I do not know what happened to Nasiru, Ahmad, and Abdul, my neighbors in Wudil who joined Boko Haram. In 2009 the state ordered the mosque in our town to be demolished; in retaliation, Christian communities began receiving threats from Boko Haram, warning us not to worship on Sundays anymore. Later, the military began a door-to-door search, forcing members of Boko Haram, including my neighbors, to flee to northeast Nigeria. No trace of them or their families is feasible.

“Why are they killing us?” Narisu, Ahmad, and Abdul asked me before they left. “They should listen to us because we are not killers.” Their words remind me of a saying popularized by Quaker peacebuilder Gene Knudsen Hoffman: “An enemy is one whose story we have not heard.” Nonviolence that transforms violent extremist ideology is undoubtedly a greater power in the long run than military interventions.

A huge gap remains between policy perceptions about how to combat the violent extremism of Boko Haram and the realities on the ground. Reports from organizations such as Human Rights Watch indicate that the government’s heavy-handed, militarized response—characterized by human rights violations of its own—has proved counterproductive. In a recent study commissioned by the Network for Religious and Traditional Peacemakers, the International Dialogue Centre, and Finn Church Aid, former members of Boko Haram said that “‘pitiless’ military action and the need to take revenge” ultimately “helped tip them over the edge” in deciding to join Boko Haram.

Since December 2011, the more militarized approach has led to an ever-increasing cycle of violence, with the civilian population suffering as a result. It has also disrupted the possibility of building trust and finding a healthy truce between the government and Boko Haram.

Strategies to counter Boko Haram should be based on research about the best constructive, nonviolent mechanisms to dissuade agents of extremism—mechanisms more likely to promote tolerance and encourage resistance to recruitment, radicalization, and indoctrination.

Is it possible to reach a healthy, long-term, just, and peaceful resolution in the midst of a cycle of counterattacks and gross human rights abuses from both Boko Haram and Nigeria’s military?
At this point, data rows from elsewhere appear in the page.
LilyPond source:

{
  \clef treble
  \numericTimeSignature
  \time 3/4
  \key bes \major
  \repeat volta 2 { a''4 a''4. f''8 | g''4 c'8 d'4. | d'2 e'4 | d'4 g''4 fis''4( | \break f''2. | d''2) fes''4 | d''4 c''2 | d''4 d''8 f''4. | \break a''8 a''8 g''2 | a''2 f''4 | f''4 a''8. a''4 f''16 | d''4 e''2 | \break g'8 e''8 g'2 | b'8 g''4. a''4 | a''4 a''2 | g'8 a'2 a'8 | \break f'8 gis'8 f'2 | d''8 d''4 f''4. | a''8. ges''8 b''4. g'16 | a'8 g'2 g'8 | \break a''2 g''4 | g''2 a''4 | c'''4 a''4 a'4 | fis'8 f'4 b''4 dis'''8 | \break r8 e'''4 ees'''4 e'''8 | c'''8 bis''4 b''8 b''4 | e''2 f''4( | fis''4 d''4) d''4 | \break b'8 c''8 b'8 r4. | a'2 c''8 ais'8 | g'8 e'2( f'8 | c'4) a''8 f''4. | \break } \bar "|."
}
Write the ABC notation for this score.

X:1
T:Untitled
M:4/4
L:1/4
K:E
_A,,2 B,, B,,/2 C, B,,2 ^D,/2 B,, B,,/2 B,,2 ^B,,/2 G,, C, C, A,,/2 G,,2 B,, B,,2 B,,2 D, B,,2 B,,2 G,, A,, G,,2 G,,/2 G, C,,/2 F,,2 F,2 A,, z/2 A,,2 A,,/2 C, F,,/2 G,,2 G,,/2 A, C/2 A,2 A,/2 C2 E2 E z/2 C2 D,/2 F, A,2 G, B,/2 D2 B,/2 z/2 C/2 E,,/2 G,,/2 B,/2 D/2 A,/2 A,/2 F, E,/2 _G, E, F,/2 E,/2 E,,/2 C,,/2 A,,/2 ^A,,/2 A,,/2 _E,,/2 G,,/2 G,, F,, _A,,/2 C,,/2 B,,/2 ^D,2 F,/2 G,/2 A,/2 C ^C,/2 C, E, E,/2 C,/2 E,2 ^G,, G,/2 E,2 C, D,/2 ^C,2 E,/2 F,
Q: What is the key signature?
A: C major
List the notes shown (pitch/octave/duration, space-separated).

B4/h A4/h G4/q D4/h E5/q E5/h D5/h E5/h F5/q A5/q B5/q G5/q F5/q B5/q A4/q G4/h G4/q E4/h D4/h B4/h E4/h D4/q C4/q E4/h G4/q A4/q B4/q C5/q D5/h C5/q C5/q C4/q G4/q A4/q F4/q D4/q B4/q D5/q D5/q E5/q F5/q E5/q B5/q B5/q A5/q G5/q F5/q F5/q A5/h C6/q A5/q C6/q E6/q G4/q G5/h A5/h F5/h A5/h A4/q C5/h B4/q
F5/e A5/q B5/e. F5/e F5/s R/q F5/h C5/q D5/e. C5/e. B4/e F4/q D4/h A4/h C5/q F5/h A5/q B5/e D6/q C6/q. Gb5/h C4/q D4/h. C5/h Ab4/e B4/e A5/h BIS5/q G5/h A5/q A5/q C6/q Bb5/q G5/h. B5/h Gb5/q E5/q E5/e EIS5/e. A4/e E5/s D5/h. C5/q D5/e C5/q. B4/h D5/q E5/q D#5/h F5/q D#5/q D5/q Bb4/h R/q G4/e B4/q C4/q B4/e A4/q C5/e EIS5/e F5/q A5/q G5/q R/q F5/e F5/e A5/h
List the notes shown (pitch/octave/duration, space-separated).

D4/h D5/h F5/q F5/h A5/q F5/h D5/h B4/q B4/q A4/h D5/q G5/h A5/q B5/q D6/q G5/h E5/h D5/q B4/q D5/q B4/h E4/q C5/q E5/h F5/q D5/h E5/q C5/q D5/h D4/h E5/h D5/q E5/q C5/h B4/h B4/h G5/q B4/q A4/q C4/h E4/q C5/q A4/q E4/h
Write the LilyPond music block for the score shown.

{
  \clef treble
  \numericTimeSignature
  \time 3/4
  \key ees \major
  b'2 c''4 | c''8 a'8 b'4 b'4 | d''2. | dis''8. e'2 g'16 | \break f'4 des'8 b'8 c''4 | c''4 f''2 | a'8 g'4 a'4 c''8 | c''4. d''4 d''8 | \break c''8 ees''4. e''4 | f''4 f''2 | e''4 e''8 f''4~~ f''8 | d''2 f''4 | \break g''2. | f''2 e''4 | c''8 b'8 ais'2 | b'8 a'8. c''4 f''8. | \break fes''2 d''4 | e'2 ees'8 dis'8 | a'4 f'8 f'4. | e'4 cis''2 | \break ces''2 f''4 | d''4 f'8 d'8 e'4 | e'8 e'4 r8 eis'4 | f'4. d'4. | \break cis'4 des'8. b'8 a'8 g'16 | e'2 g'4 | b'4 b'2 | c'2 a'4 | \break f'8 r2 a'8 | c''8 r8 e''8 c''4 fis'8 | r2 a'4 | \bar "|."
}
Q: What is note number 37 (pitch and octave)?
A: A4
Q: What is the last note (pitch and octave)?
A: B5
If a peaceful, sustainable way forward is to be found, both Nigeria and the U.S. must redirect the huge resources invested in weaponry to more robust, life-saving humanitarian assistance, peacebuilding, and sustainable development.

The prophet Isaiah wrote, “They shall beat their swords into ploughshares, and their spears into pruning hooks; nation shall not lift up sword against nation; neither shall they learn war any more” (Isaiah 2:4). This is the source of my hope for a just peace and the well-being of all my neighbors, in Kano State and beyond.